The Abol Trail was always the fastest, most direct route up Katahdin—less than four miles from trailhead to Baxter Peak. It had the added cache of being approximately the route followed by Thoreau in 1846 when he climbed to the Table Land.
The trail followed Abol Stream to a slide. The trail ascended the slide, and then the boulder field above it. The slide was unstable and repeatedly shifted. A couple of years ago, the trail was closed—deemed too unsafe for hiking.
Last week the new Abol Trail opened. The first mile and a half are the same. From that point a new trail was cut, switchbacking up to and across the ridge between the slide and Hunt Spur (that the Appalachian Trail follows up Katahdin).

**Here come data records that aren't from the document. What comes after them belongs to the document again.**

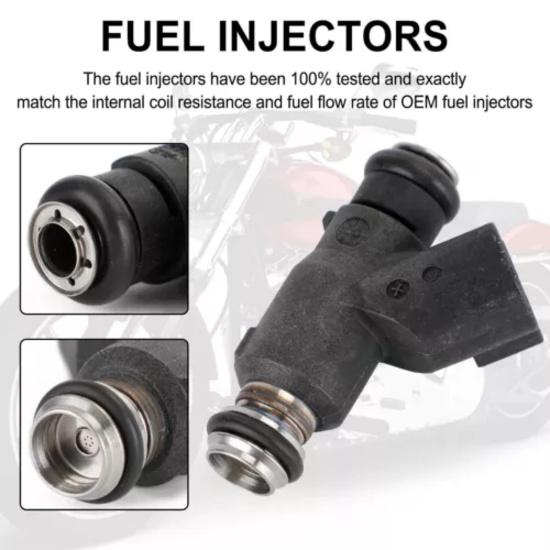 2Pcs Fuel Injectors for Harley Davidson Motorcycle 25 Degree 27709-06A 2770906A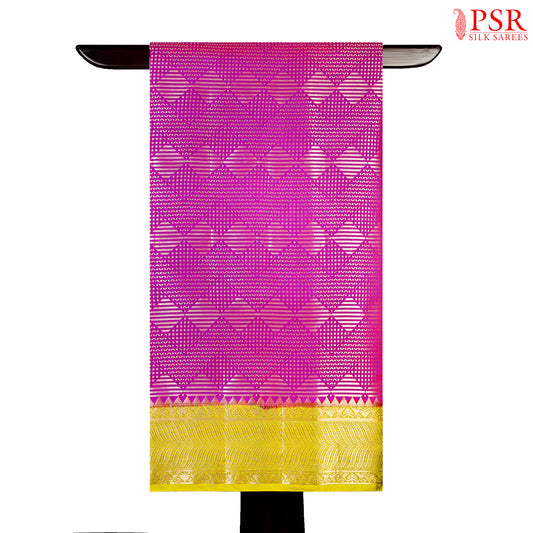 Magenta Purple Silk Cotton Cutwork Saree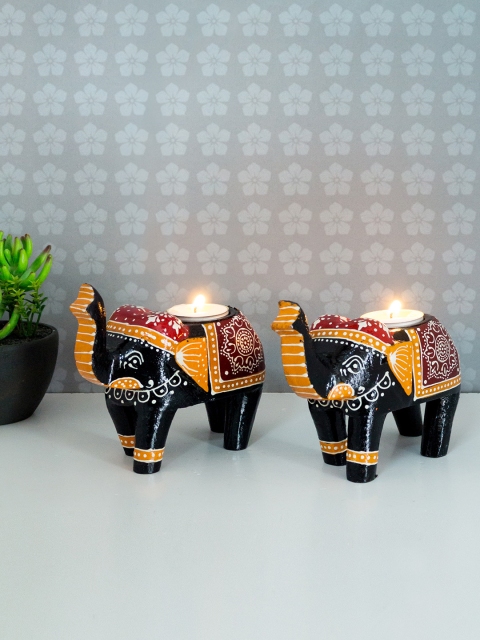 

Golden Peacock Set of 2 Black & Mustard Yellow Hand Painted Tealight Candle Holders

The new trail winds through dense stands of skinny spruce over a footbed of broken granite and soft duff. Much easier walking than the loose rock of the slide.
Above the slide, the new trail rejoins the old trail. The boulder field is the steepest section. Two tenths of a mile that climbs six hundred feet. I did the math: that's nearly a 45 degree grade. As I climbed, fingers of clouds swirled around above, reaching down to tickle me.

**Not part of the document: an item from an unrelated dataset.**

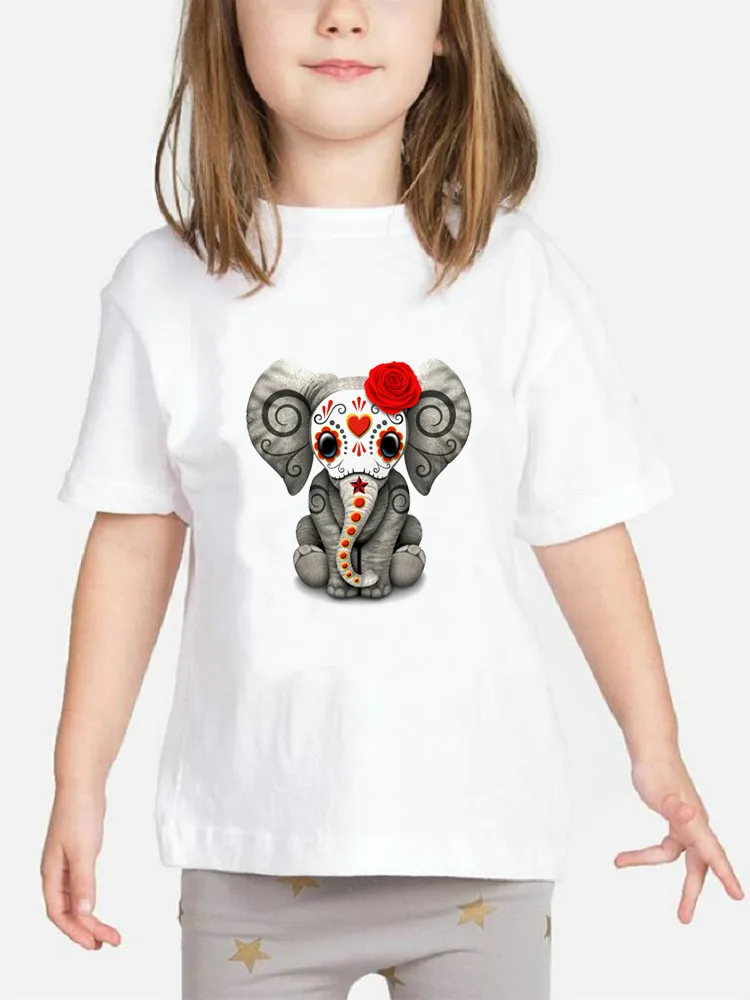 Red Day Of The Dead Sugar Skull Baby Elephant T-Shirt Per Bambini Fashion Girls T Shirt Funny Children Top Clothes 2-8Y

Visibility on the Table Land was about twenty feet.
Just before I reached Baxter Peak, a hole opened in the cloud and the summit appeared. That window closed again before I reached the top. I took a few pictures of the cairn, the sign marking the northern end of the AT.

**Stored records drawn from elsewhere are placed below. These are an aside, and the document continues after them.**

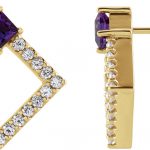 14K Yellow Natural Amethyst & 1/3 CTW Natural Diamond Earrings - 86889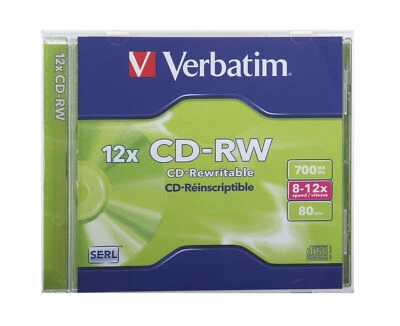 5 Verbatim CD-RW 80min/700 MB (8-12x) Compact Disc Rewritable Jewel Case 43148 - Image 1 of 4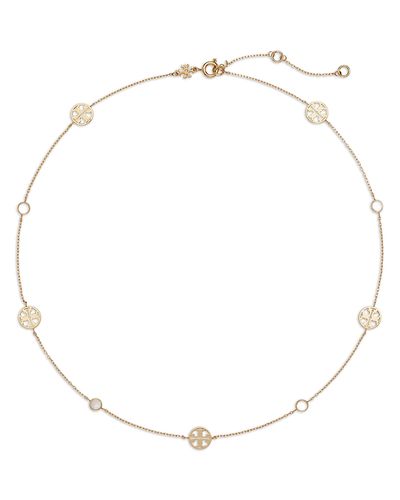 Tory Burch Tory Burch Icon Double T & Mother Of Pearl Collar Necklace, 16-18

Rather than head straight down, I hiked north on the Saddle Trail, dropping elevation quickly. All around me spectacular scenery hid behind clotted cloud. I turned left onto the Baxter Peak Cut-off Trail. Alone, I walked across the Table Land. Had it been clear, I would have had great views of the Northwest Plateau, The Owl, the whole of Katahdin. Instead, my eyes were drawn down to the carpet of green and the lounging boulders. Small flowers nodded as I passed. Pipits trilled. Here and there, stands of stunted spruce and birch grew in twisted knots. The trail passed the head of Witherle Ravine, even through the fog I could feel its yawning drop.
And then I was back at Thoreau Spring—just a muddy hole this year. An hour later, I was well down the mountain. Back out of the cloud. Under humid, blue sky. All the day hikes for Best Hikes in Baxter State Park are done.